Esa historia hecha de promesas incumplidas e ideales traicionados, como anunciaba en 2017 el historiador y sociólogo francés, sirve para afirmar que la crisis de la democracia no se limita a las patologías de la representación. El centro del problema está en el declive del desempeño democrático de las elecciones, advierte. Las elecciones tienen hoy menor capacidad de representación por causas institucionales y sociológicas. En buena medida, esto se ha emparentado con la presidencialización de las democracias, la idea napoleónica del “hombre-pueblo”, el entorpecimiento que tal personalización supone para la manifestación de la pluralidad; una atrofia que ha estado muy presente en Latinoamérica y, de forma palmaria, en la Venezuela del siglo XXI. Pero, al mismo tiempo, las elecciones han visto mermadas sus funciones de legitimación de las instituciones políticas y los gobiernos, las de control sobre los representantes, las de producción de ciudadanía y de estímulo de la deliberación pública.

Otra perspectiva, la de una ciudadanía que ya no se autoconcibe como masa homogénea sino como “sucesión de historias singulares”, se impone a la hora de reconfigurar lo que antes se entendía como mayoría. A contrapelo de lo que observaba Tocqueville, la política no se reduce en estos tiempos a una simple cuestión de aritmética. Esto pesaría también a la hora de valorar su impacto en aquellas situaciones particulares que aguardan por mejoras, y de exigir mayor influencia directa de los ciudadanos en las decisiones gubernamentales. Ahora, son muchas minorías las que parecen componer la totalidad social; y en atención a esa segmentación de intereses y aspiraciones individuales, surgen demandas cada vez más numerosas y diferenciadas solicitando reconocimiento y consecuente representación.

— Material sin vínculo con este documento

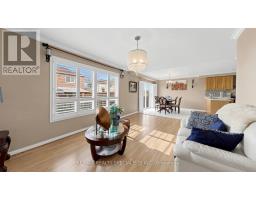 Bedroom 3 - 193 Queen Mary Drive, Brampton, ON L7A1Y3 Photo 10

Como recuerda el catedrático Ben Ansell (Por qué fracasa la política, 2023) tomamos parte en dinámicas en las que los individuos interactúan y se estorban mutuamente. Una paradoja a enfrentar, si tomamos en cuenta que la política alude precisamente al hecho de tomar decisiones de forma colectiva; a la posibilidad de superar limitaciones y lograr colectivamente lo que nadie puede hacer solo en un mundo signado por la contingencia creciente y la escasez. Así, la política está llamada a resolver problemas: pero ejercerla siempre creará otros, completamente nuevos. Con esa certeza es preciso lidiar.

Por eso la celebración de elecciones, incluso en sistemas no democráticos como el venezolano, no se libra de dilemas que suelen asociarse a las llamadas democracias “negativas”, de rechazo. Los años recientes han sido ilustrativos en cuanto a alimentar esa suerte de amor-odio que desata la política local, con ciclos que van desde la esperanza más cimera y refractaria al socavón, la frustración inevitable. Eso ha tenido mucho que ver, sin duda, con los resultados de la desigual lucha por el poder en contexto de disfuncionalidad, autoridad no limitada, libertades conculcadas y ausencia de accountability. Con ese catastrófico desempeño de quienes han operado desde el gobierno desde hace 25 años, -muy eficaces, eso sí, a la hora de conquistar y preservar lo que Dahl describe como capacidad de conseguir que otros actores hagan lo que por sí mismos no habrían hecho- así como los fracasos de quienes han aspirado a reemplazarlos.

Todo sugiere que hoy estamos a las puertas de otro de esos ciclos, bautizados por la esperanza de desalojar lo que no satisface. Cierto giro cultural estaría operando en esta ocasión, sin embargo, cuando ciudadanos rebasados por la ineficiencia del Estado empiezan a confiar más en sí mismos y en procesos extra-políticos a la hora de dar respuesta a sus muchas urgencias cotidianas, incluso aquellas que colindan con problemas de acción colectiva. En medio de estos avatares, la vieja-nueva enemistad con la política tradicional no cede, al contrario. Tal recelo sigue marcando los pulsos de un electorado que apostaría al cambio radical, a lo novedoso; a lo desconocido, incluso, antes que favorecer nombres que asocia con los mentados descalabros.

Pero la política consiste, fundamentalmente, en hacer promesas, recuerda Ben Ansell. Y en ese ámbito, el de un acuerdo -frágil, efímero, sin garantías- para hacer algo a futuro, las campañas electorales tienen un rol estelar. Por la oportunidad que entrañan de cara a una potencial democratización, las ofertas diferenciadoras que despliega la oposición en el marco de comicios autoritarios adquieren texturas y resonancias particulares. También a instancias de la transformación de la temporalidad de la vida política que ya detectaba Rosanvallon, el influjo del liderazgo en nuestro país no ha dependido entonces tanto de la presentación de programas de acción política como del carisma; la facultad para catalizar emociones que concurren, precisamente, en ese grueso deseo de cambio registrado por las encuestas. Junto a una mayor personalización de la confrontación, la nueva relación con la urgencia altera la capacidad de “proyección democrática” de la elección, según advierte el francés. En paisaje de incertidumbre global, emergencia y crisis local incesantemente reeditada, programas de gobierno consistentes y de largo aliento no parecen tener el atractivo de otras épocas.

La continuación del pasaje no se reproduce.